● WORK ORDER: Without the pictures, output all of the data exactly.

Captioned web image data
--- START ---

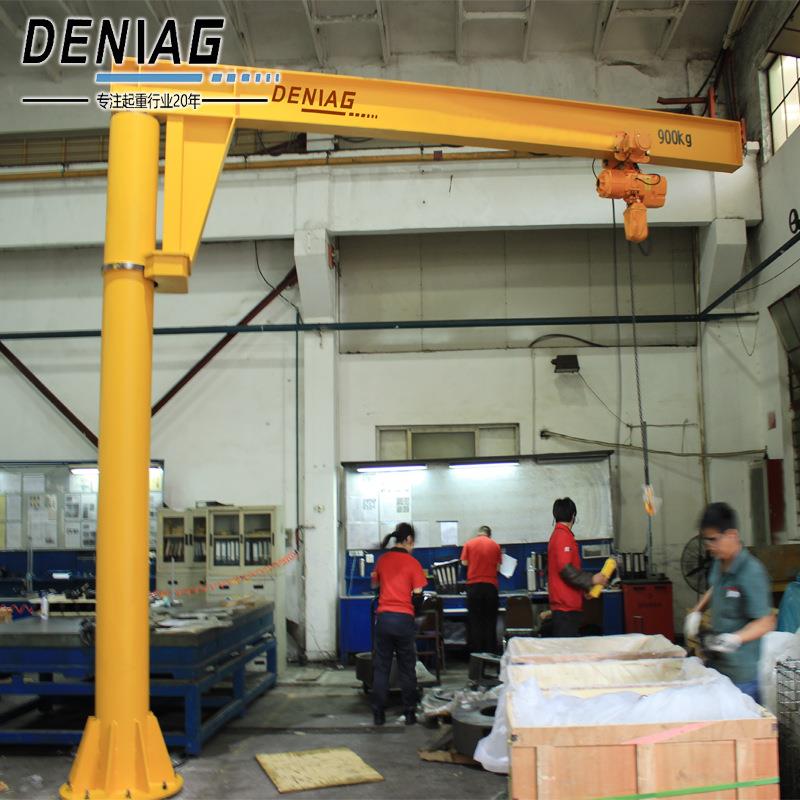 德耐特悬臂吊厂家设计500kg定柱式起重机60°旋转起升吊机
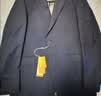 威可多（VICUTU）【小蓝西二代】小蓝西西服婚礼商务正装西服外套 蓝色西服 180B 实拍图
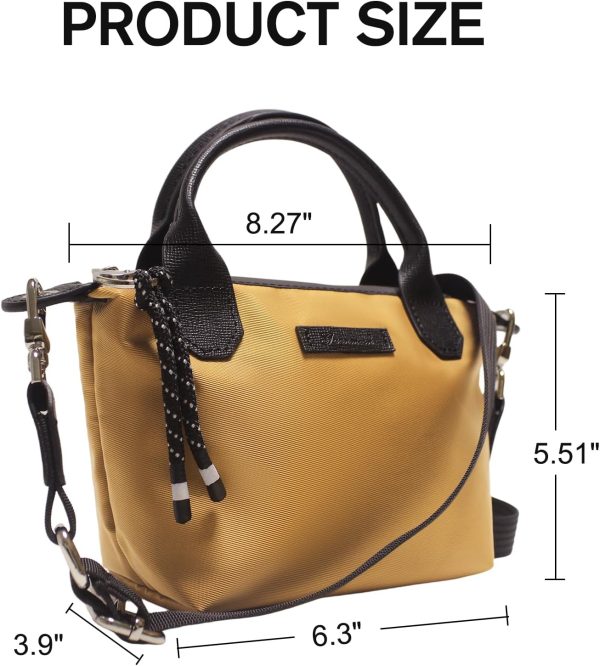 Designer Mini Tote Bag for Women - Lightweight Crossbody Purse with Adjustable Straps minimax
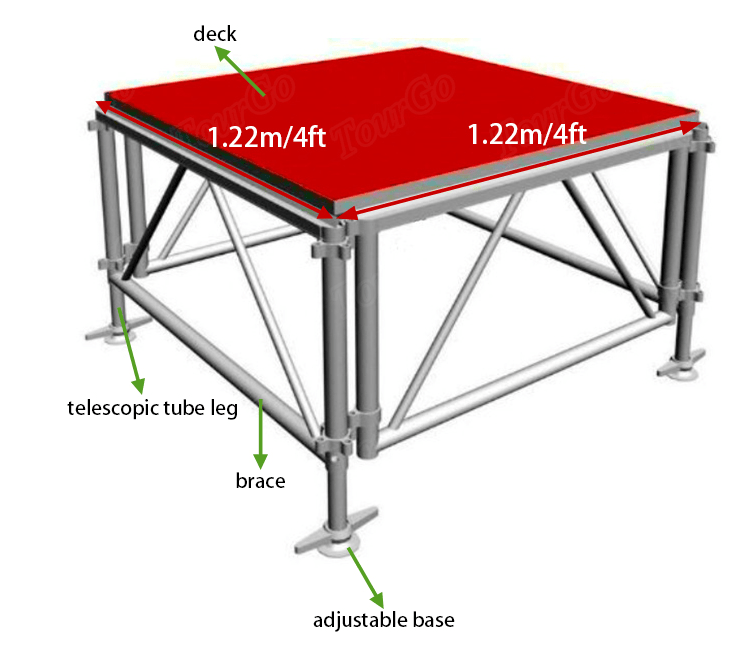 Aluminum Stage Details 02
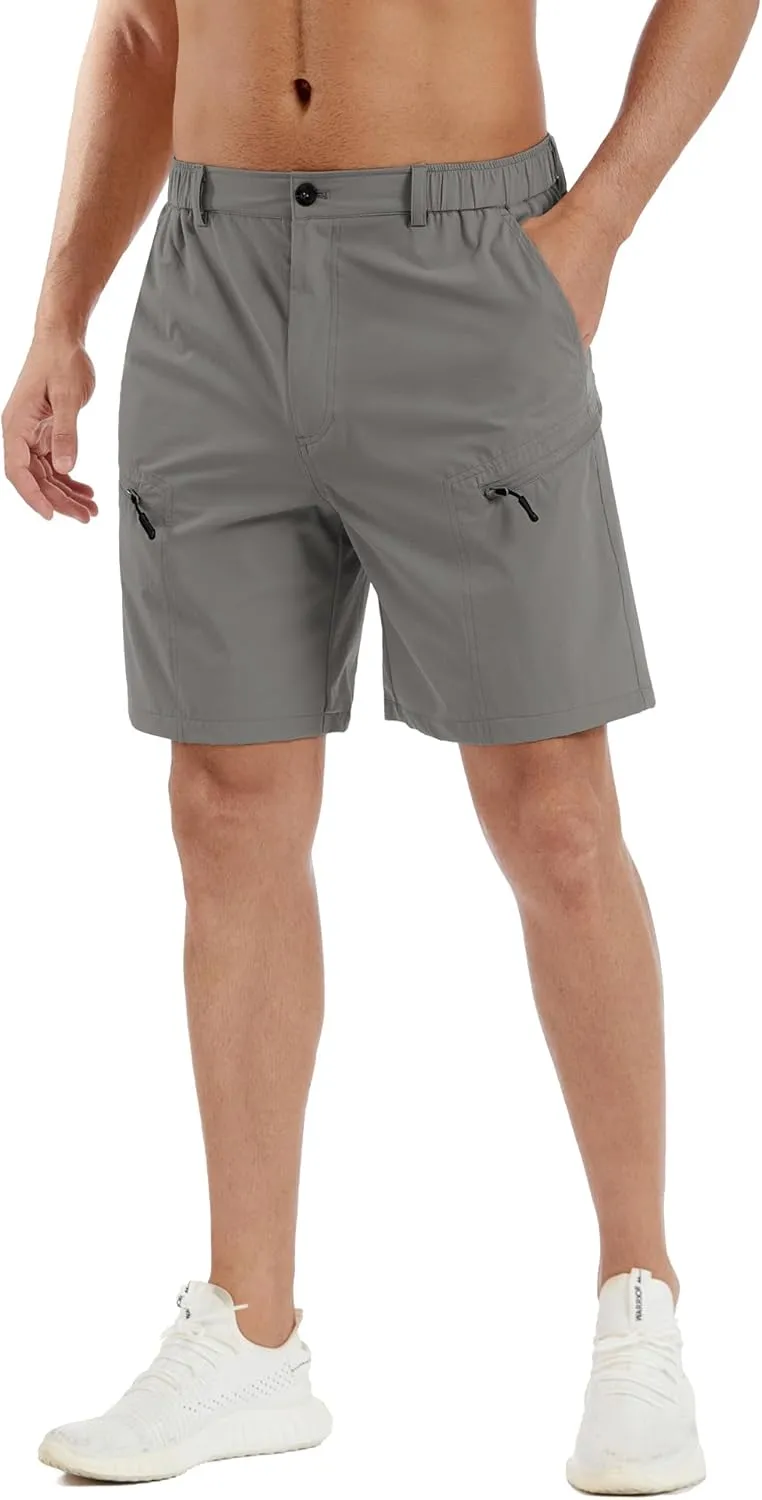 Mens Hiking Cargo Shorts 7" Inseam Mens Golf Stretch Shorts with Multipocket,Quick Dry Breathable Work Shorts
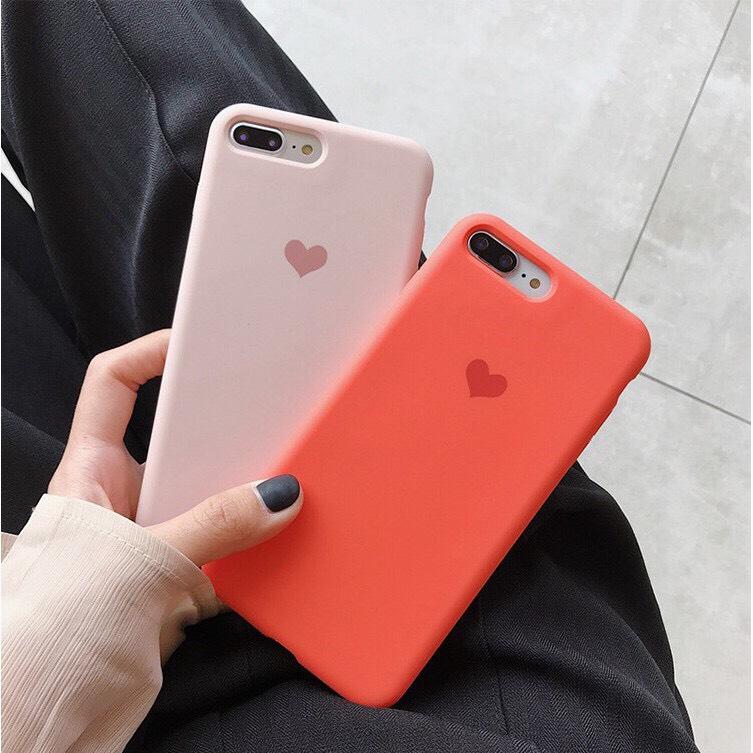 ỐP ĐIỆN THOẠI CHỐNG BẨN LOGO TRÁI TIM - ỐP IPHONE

--- END ---

● RESULT FOR THIS TASK:
 德耐特悬臂吊厂家设计500kg定柱式起重机60°旋转起升吊机
 威可多（VICUTU）【小蓝西二代】小蓝西西服婚礼商务正装西服外套 蓝色西服 180B 实拍图
 Designer Mini Tote Bag for Women - Lightweight Crossbody Purse with Adjustable Straps minimax
 Aluminum Stage Details 02
 Mens Hiking Cargo Shorts 7" Inseam Mens Golf Stretch Shorts with Multipocket,Quick Dry Breathable Work Shorts
 ỐP ĐIỆN THOẠI CHỐNG BẨN LOGO TRÁI TIM - ỐP IPHONE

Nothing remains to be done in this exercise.